Reviews and Endorsements:
"Grosz's vignettes are so brilliantly put together that they read like pieces of bare, illuminating fiction.... It is this combination of tenacious detective work, remarkable compassion and sheer, unending curiosity for the oddities of the human heart that makes The Examined Life utterly captivating." --The Sunday Times
"By turns edifying and moving.... Grosz offers astute insights into the perplexities of everyday life." --Financial Times
"Stephen Grosz has condensed thousands of hours of consultations into this gem.... Grosz writes lucidly and with sensitivity, treating his patients with respect.

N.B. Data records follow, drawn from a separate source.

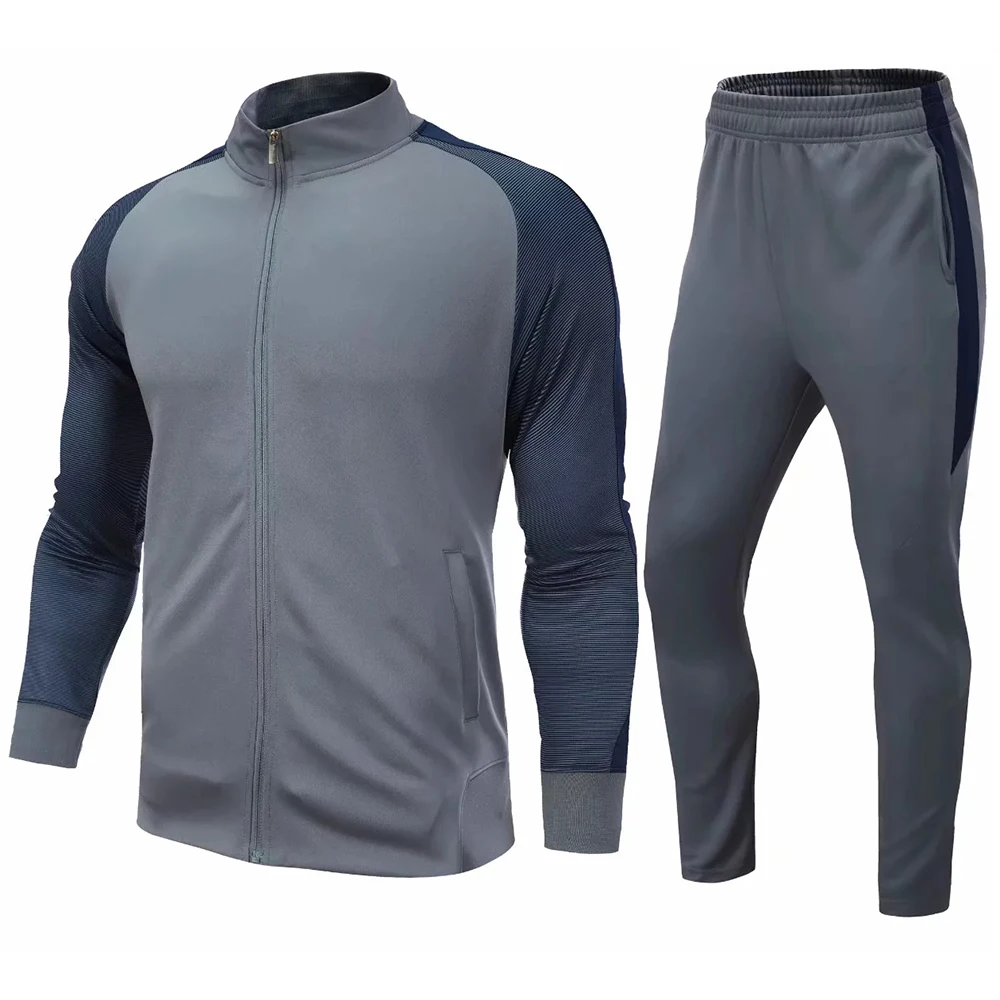 зимний мужской комплект футболок survetement Футбольные спортивные комплекты Futbol Jersey Комплект брюк для ног спортивный футбольный тренировочный спортивный костюм . ' - ' . 4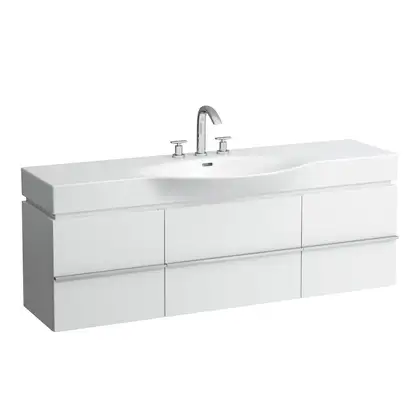 Раковина-столешница 150 х 51 см Laufen Palace (H8117060001081) фото 2 Aquada.com.ua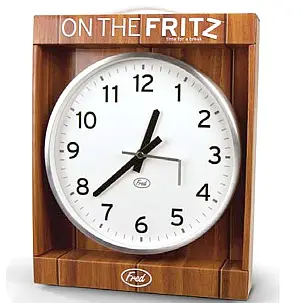 Reloj de Pared Estropeado, 'On the Fritz'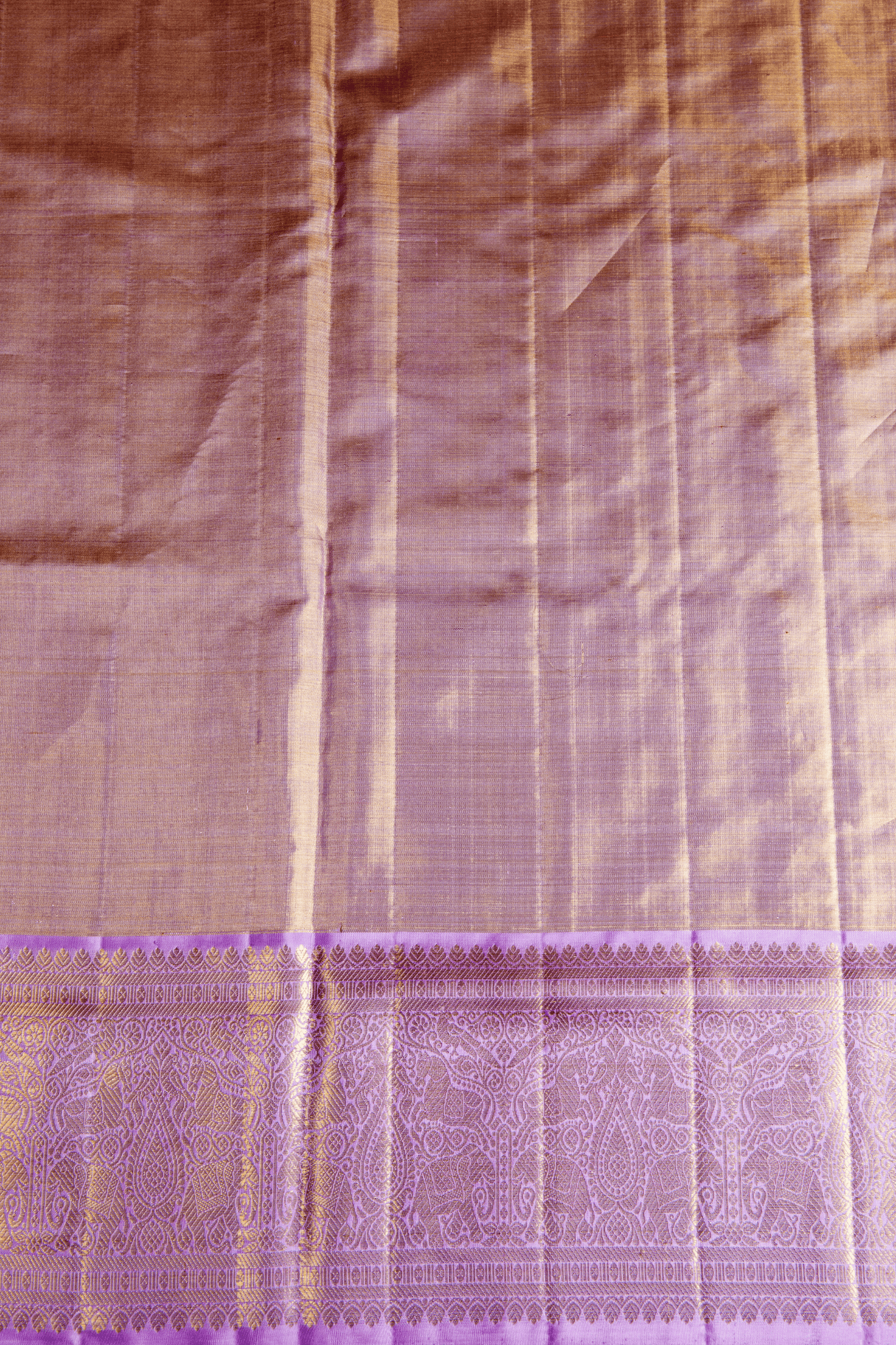 Kanchipuram Tissue Silk Saree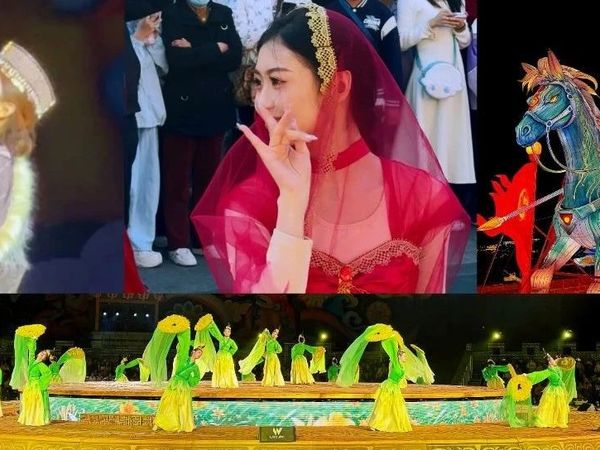 花138元看一场大同古城开城仪式？我在《因为大同》现场算了一笔账…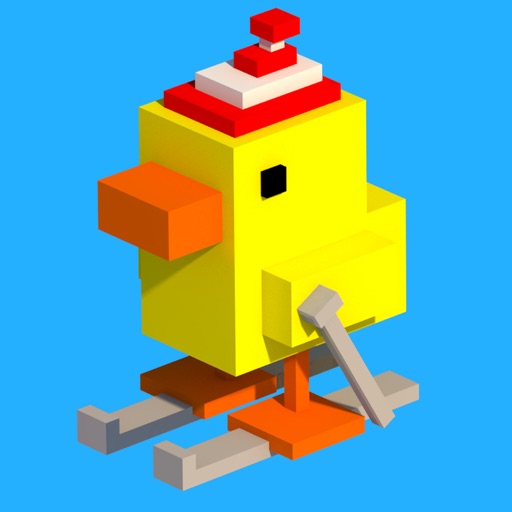 Crossy Road - Endless Arcade Hopper App Review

The cases are sprinkled with wise reflections.... Highly recommended." --The Independent
About the Author:
Stephen Grosz was born in Indiana and educated at Berkeley and Oxford. For the past 25 years he has worked as a psychoanalyst. He teaches clinical technique at the Institute of Psychoanalysis and Psychoanalytic Theory at University College London. His stories have appeared in the Financial Times and Granta. He lives in London.